===== Material for the task

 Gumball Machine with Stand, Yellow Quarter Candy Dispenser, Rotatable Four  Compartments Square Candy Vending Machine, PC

==========
===== Material for the task

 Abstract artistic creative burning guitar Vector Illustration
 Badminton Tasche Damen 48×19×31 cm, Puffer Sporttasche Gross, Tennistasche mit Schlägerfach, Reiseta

==========

*What you need to do*. A verbatim transcription is needed of the lines above, starting at the line with "Abstract artistic creative" and ending at the line with "Badminton Tasche Damen", both included, and of nothing else.

*Result of this exercise*.
 Abstract artistic creative burning guitar Vector Illustration
 Badminton Tasche Damen 48×19×31 cm, Puffer Sporttasche Gross, Tennistasche mit Schlägerfach, Reiseta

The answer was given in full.